Saponaria, Saponaria officinalis, is a 1 to 2-foot perennial (30 to 60 cm). It grows in open areas up to altitudes of a mile (1600m). In olden days, it was grown in every garden along the Mediterranean basin, and can be found now most everywhere in Europe along ditches, railroad lines, near construction areas… Hippocrates mentioned it as a remedy, and its use seems documented as far back as 4 centuries before Christ. But this very hardy plant has probably been in use since Prehistorical times. It was probably originally native to Central Europe, and then spread to the rest of Europe as mankind learned to use it. The environment it first thrived in was the sandy, gravely banks of riverbeds. As other areas started gaining nutrients thanks to human activity, it colonized new type of terrain. Its rhizomes can easily be dug up and planted elsewhere, which makes propagation easy. Among other uses, the rhizome of this plant was used to scour wool, since it was great at removing animal grease before carding and spinning the fibers.
How to identify saponaria?
The plant grows into a loose clump that tends to spread and cover the surrounding area.
- Flowers appear in clusters with 5 white or soft pink petals depending on the blooming stage and are extremely fragrant, especially during nighttime. Each flower is open for 3 days and 3 nights: it starts out as a male flower (with erect stamens) and then shifts to female (pistils sticking out, petals fold down and the color turns more pinkish). They sit atop the bright green leafage like a crown, from June to September.
- Elongated leaves, 2 to 4 inches long (5 to 10 cm) and 2 inches wide (5 cm) are opposed, and each is marked with 3 to 5 parallel veins.
- When the blooming is over, aerial parts of the plant then begin to dry out entirely. That’s the sign that rhizomes are ready to harvest.
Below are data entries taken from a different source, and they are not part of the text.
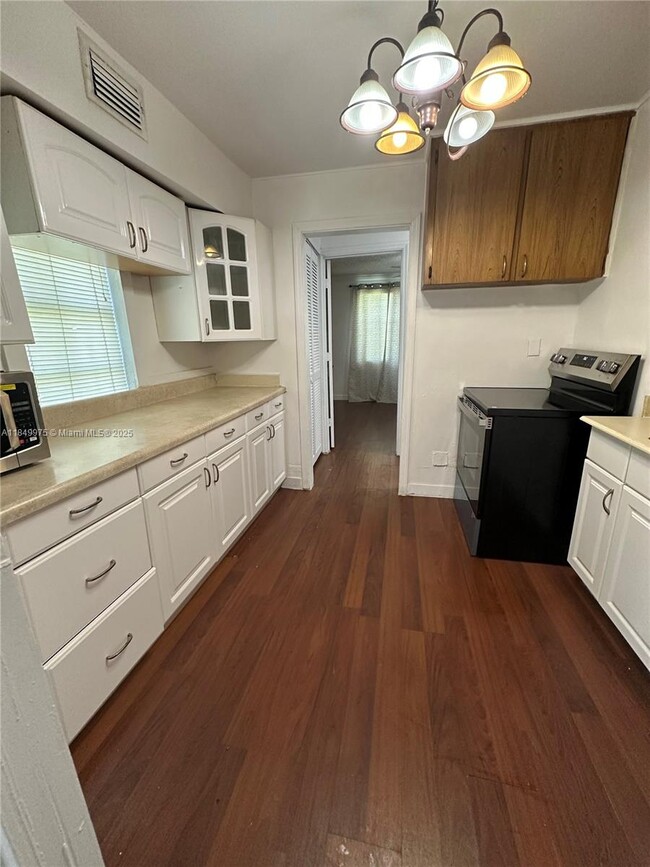 2582 SW 67th Ave in Miami, FL - Building Photo - Building Photo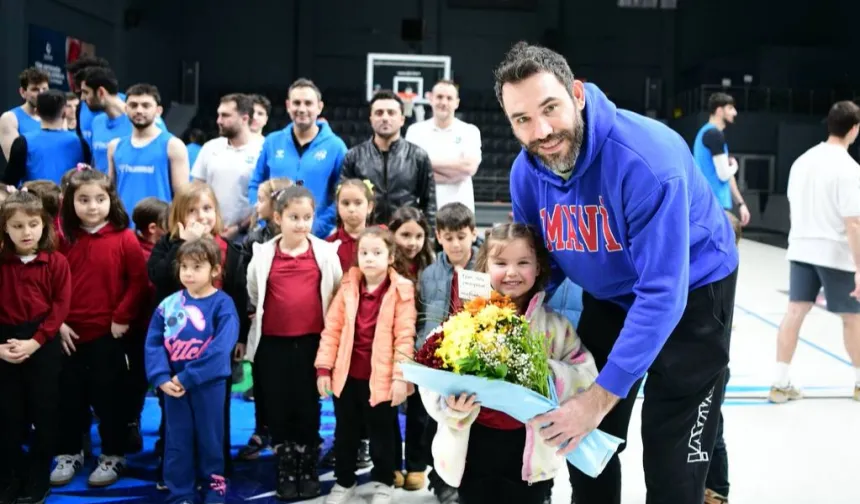 Minik basketbol sevdalıları, Çayırova'nın dev adamlarıyla buluştu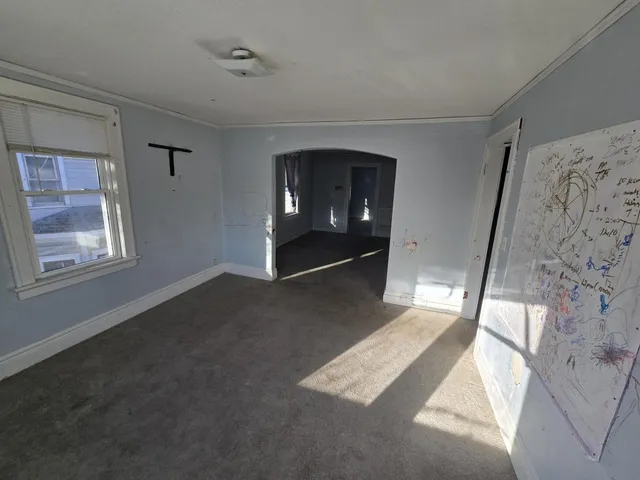 $224,900 | 1221 Ross Avenue, St. Paul, MN 55106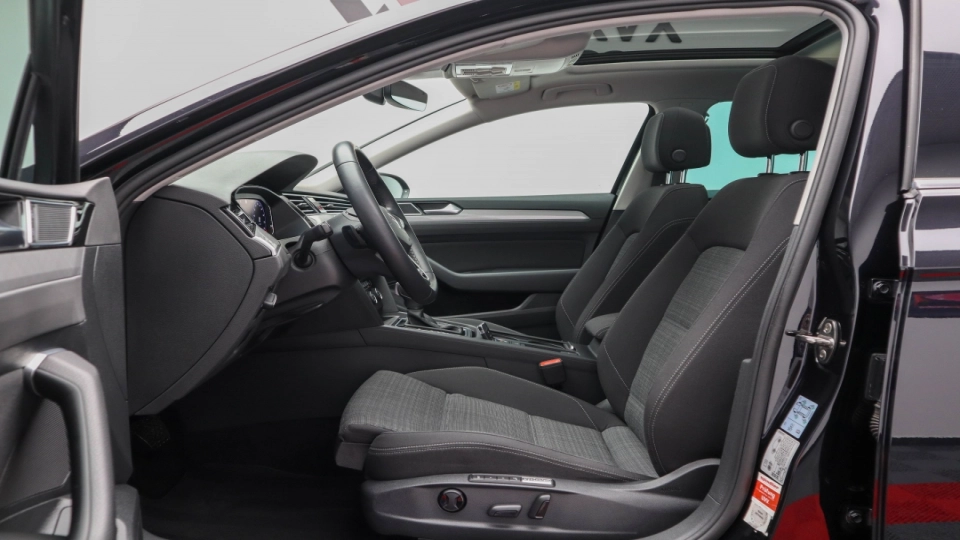 Volkswagen Passat Facelift 2.0 TDI DSG 4MOTION Panoramic ACC Masaj LED - imaginea 18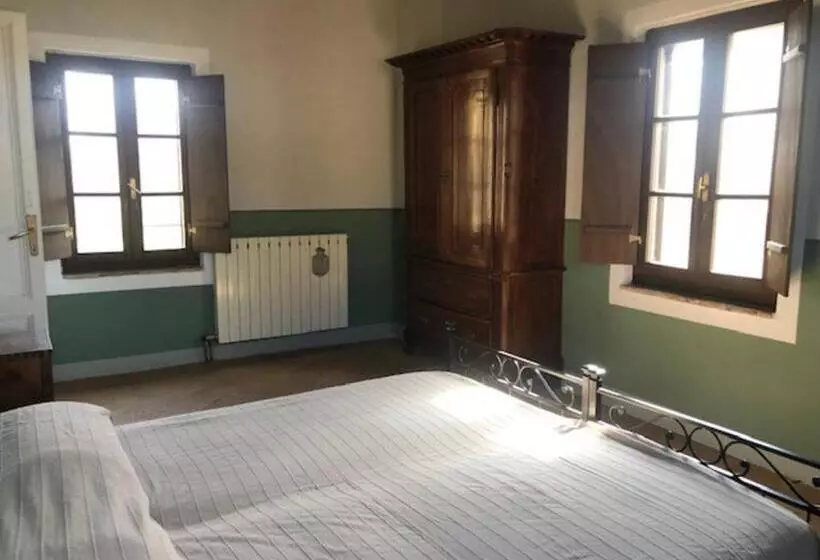 Hotelli Agriturismo Le Corti Della Gualdana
These roots are reddish-brown and when you cut them, the wound turns yellow.
How to use saponaria?
Releasing the saponin contained in the roots is pretty straightforward: crush the roots and soak them in lukewarm water. It’ll form a nice lather when you start using the water. After filtering, the result is a mild laundry detergent that’s perfect for wool, does a great job whitening and removing greasy stains from laundry, and can also serve to wash the dishes. Saponaria extract also makes for a soft face and hair soap.
2- Soap nuts
Soap nuts are actually only the pericarp, or flesh, that encases the seed itself of the Sapindus plant. This is a short deciduous tree that spread to the warm temperate and tropical regions of Asia and North America. Two species in particular, mukorossi and trifoliatus (which has smaller nuts) are capable of growing in poor soil. They’re planted in great numbers along roads in India and Nepal. Harvesting fruits from these roadside trees is a way for locals to add to their income, use for their own needs or package for export. Indeed, several industries have uses for large amounts of saponosides. The trees themselves help fight against soil erosion.
How to use soap nuts?
Simply toss in 4 to 8 soap husks along with the laundry in the wash, and as long as the temperature of the water is warmer than 85°F / 30°C. It’ll replace your normal laundry powder quite well. Each nut can be used several times: 3 times if the wash is at 85°F/30°C, two times if the temperature is 105°F/40°C, but only once if it’s a high-temperature wash (195°F/90°C).
Saponin is also a natural insecticide, fungicide, and a growth stimulant for plants in your garden! It’s perfect to fight off parasites such as aphids. For pets, you can use it as an insecticide against fleas and ticks; it’ll also make their fur as soft as silk!